The Praetorian and the Emperor’s List

Written by Rod Warren
Review by Steve Donoghue

Rod Warren’s exhaustively-researched and immensely readable debut novel, The Praetorian and the Emperor’s List, centers on two boys living in provincial southern Italy in AD 29.

Antonius, the son of a once-famous and now-retired tribune of the Roman emperor’s elite Praetorian Guard, spurns the life of a small-town vineyard-owner in favor of joining the Praetorians himself. When he comes of age, he and his friend, Marcus, set out for Rome to do just that.

This decision brings them into the dark and dangerously convoluted Rome of Tiberius Caesar and his infamous Praetorian commander (and, for a time, virtual co-emperor) Sejanus and his lieutenant Macro.

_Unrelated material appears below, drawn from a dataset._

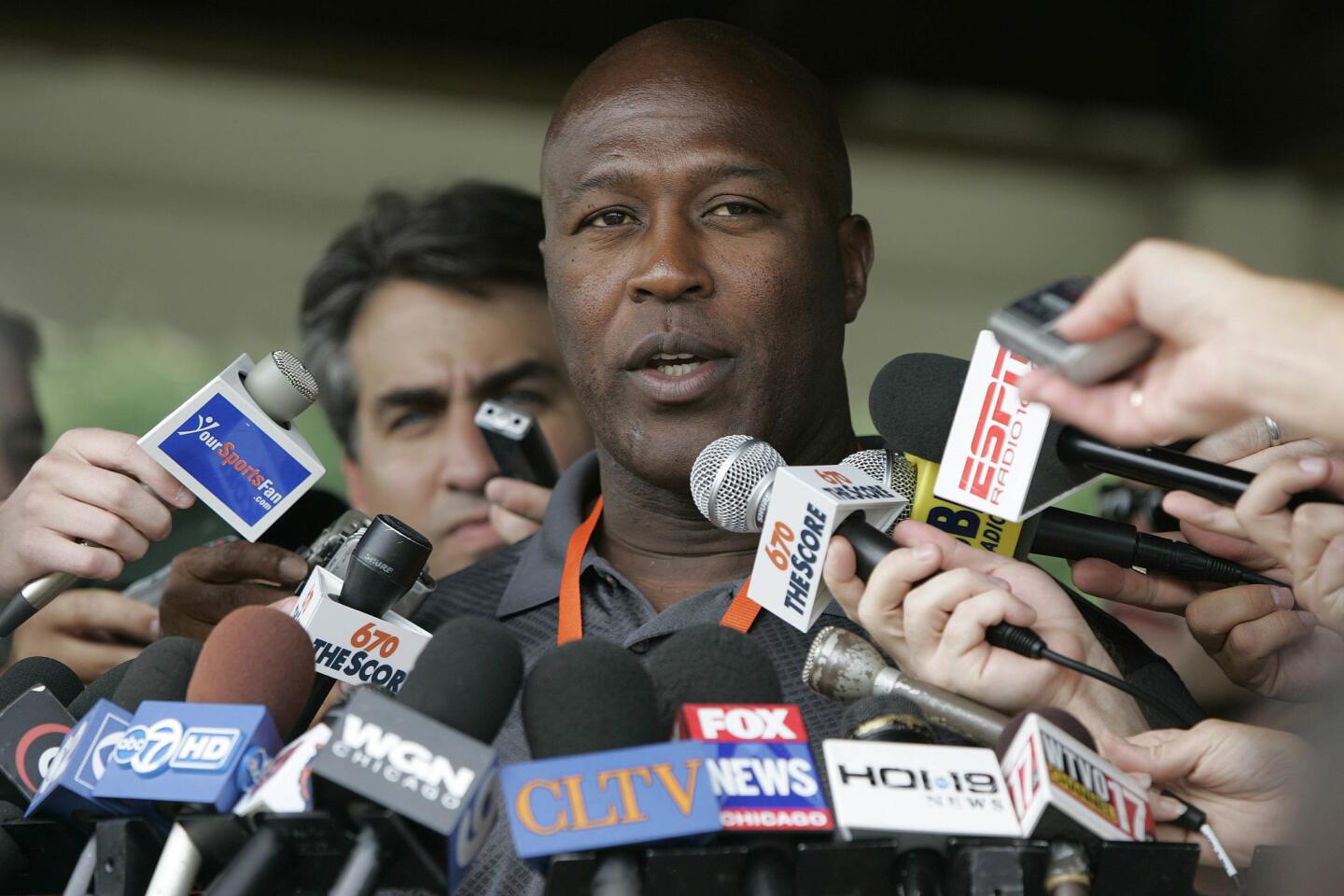Lovie Smith talks to the media as the Bears arrive for training camp on July 26, 2007.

Warren’s book is buttressed with footnotes, end notes, maps, and glossaries, but at its heart it is a classic story of a boy’s coming-of-age and an I, Claudius-style look at the decadence and treachery at the heart of the Julio-Claudian dynasty.

Antonius and Marcus meet many of the era’s most famous historical figures, and Warren keeps his simple but powerful plot moving along at a straightforward pace. It is easy to look forward to more volumes in this series if they are all as good as this one.